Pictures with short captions
::::

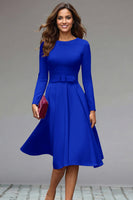 Laden Sie das Bild in den Galerie-Viewer, Flieder A-Linie Midikleid mit Rundhalsausschnitt und Gürtel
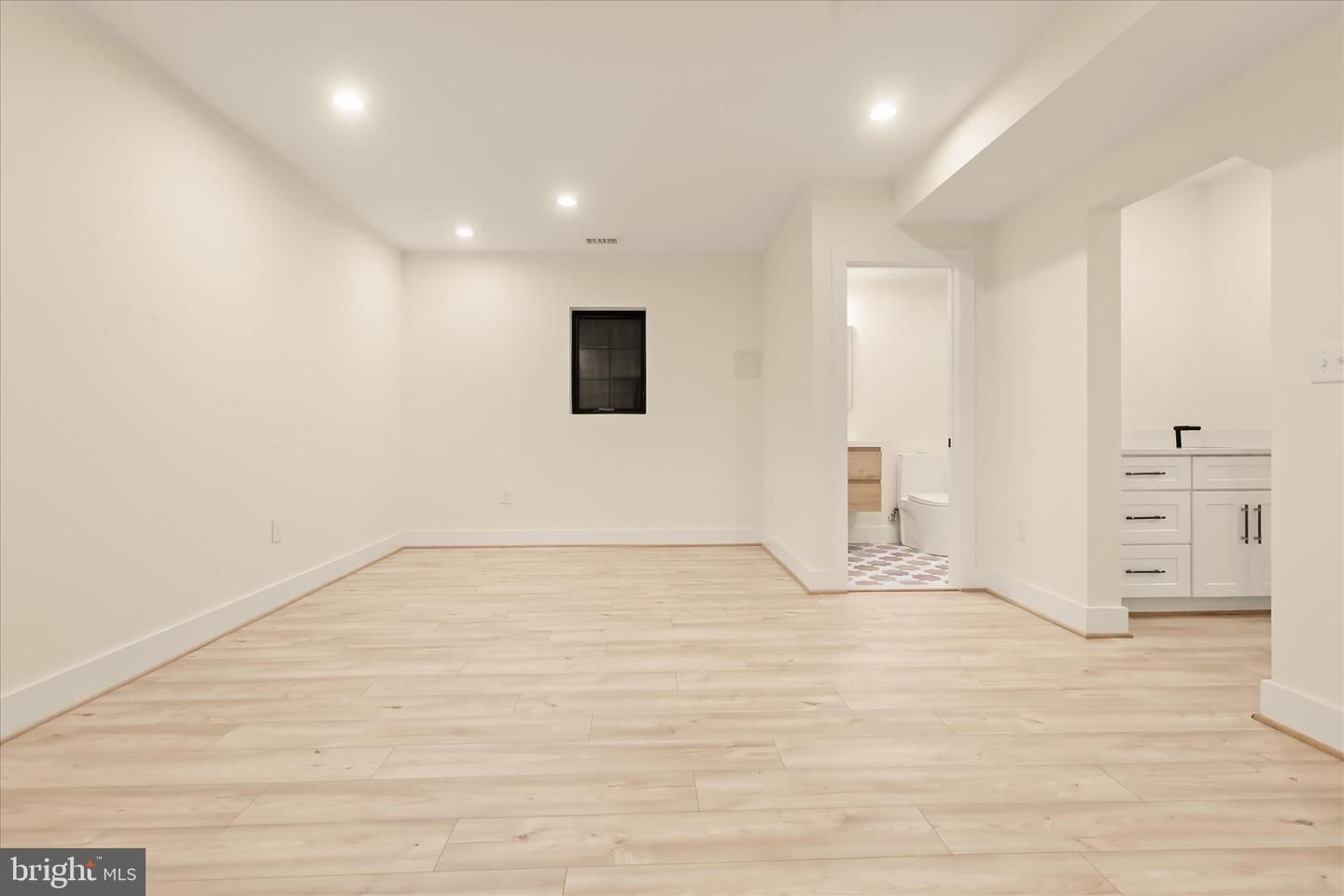 Bathroom, Empty room, Interior, Recessed Lighting, Wood Texture Flooring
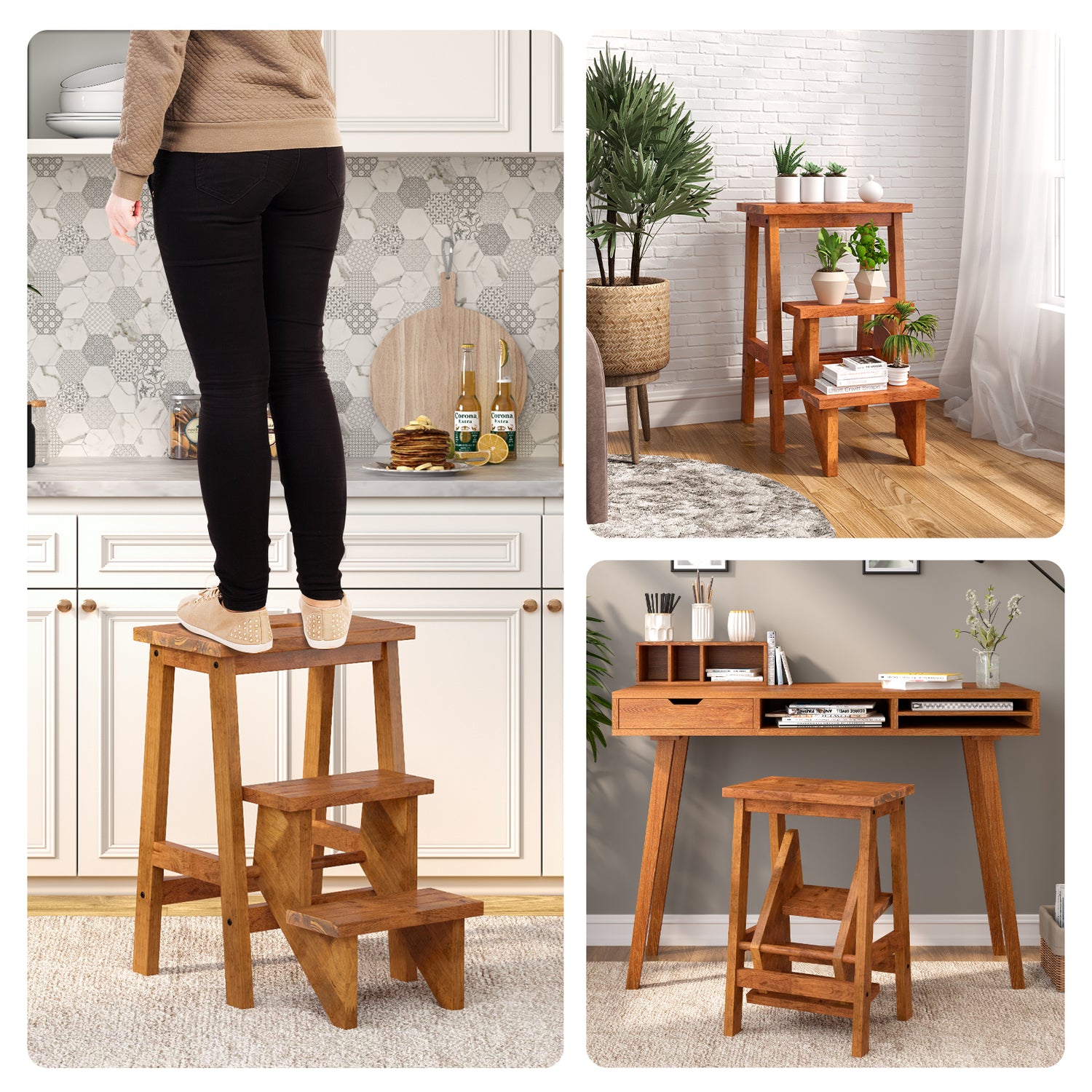 3-in-1 Rubber Wood Step Stool with Convenient Handle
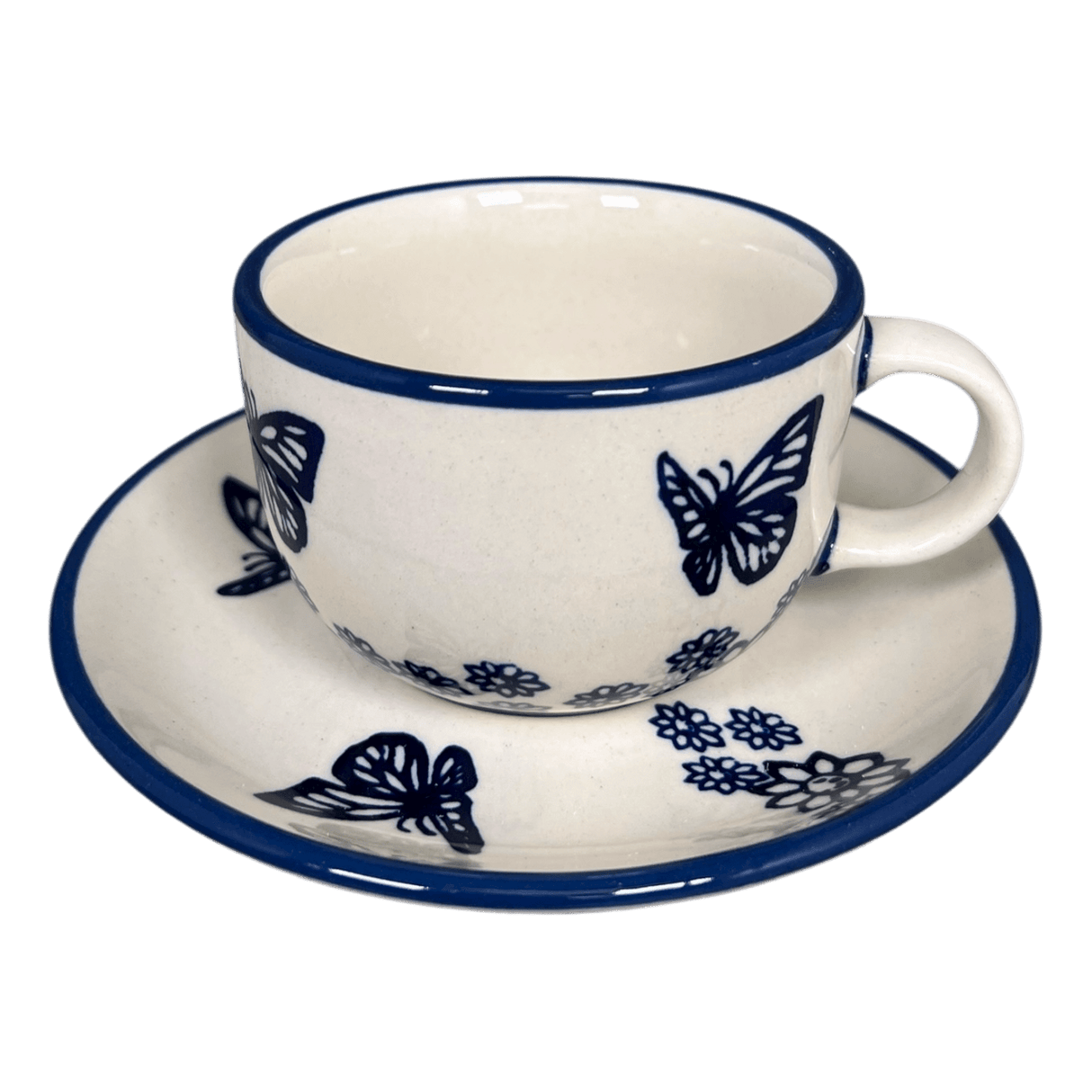 Cup & Saucer, 7 oz in "Butterfly Garden" by Manufaktura | F043T-MOT1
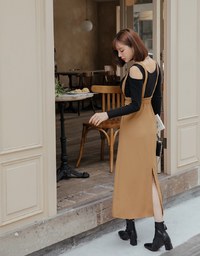 2WAYバックスリットハイウエストスリップワンピース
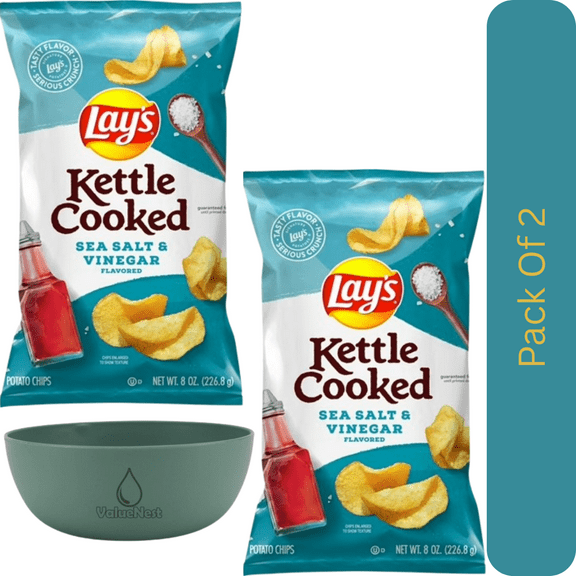 Lays Kettle Cooked Sea Salt & Vinegar Potato Chips 8 oz Bag, Crunchy Snack With Olive Green Bowl By ValueNest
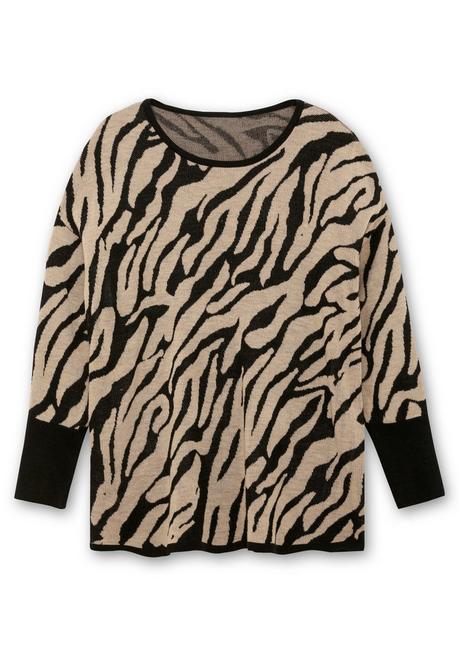 sheego Jacquard-Pullover mit Animalmuster - schwarz gemustert sheego Blitzangebot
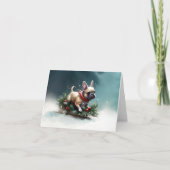 Franse Bulldog Kerstwinter sneeuw Kaart (Voorkant)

::::

PROBLEM DETAILS: Repeat the records in full, exactly as they appear, without the pictures.

ANSWER TO THIS TASK:
 Laden Sie das Bild in den Galerie-Viewer, Flieder A-Linie Midikleid mit Rundhalsausschnitt und Gürtel
 Bathroom, Empty room, Interior, Recessed Lighting, Wood Texture Flooring
 3-in-1 Rubber Wood Step Stool with Convenient Handle
 Cup & Saucer, 7 oz in "Butterfly Garden" by Manufaktura | F043T-MOT1
 2WAYバックスリットハイウエストスリップワンピース
 Lays Kettle Cooked Sea Salt & Vinegar Potato Chips 8 oz Bag, Crunchy Snack With Olive Green Bowl By ValueNest
 sheego Jacquard-Pullover mit Animalmuster - schwarz gemustert sheego Blitzangebot
 Franse Bulldog Kerstwinter sneeuw Kaart (Voorkant)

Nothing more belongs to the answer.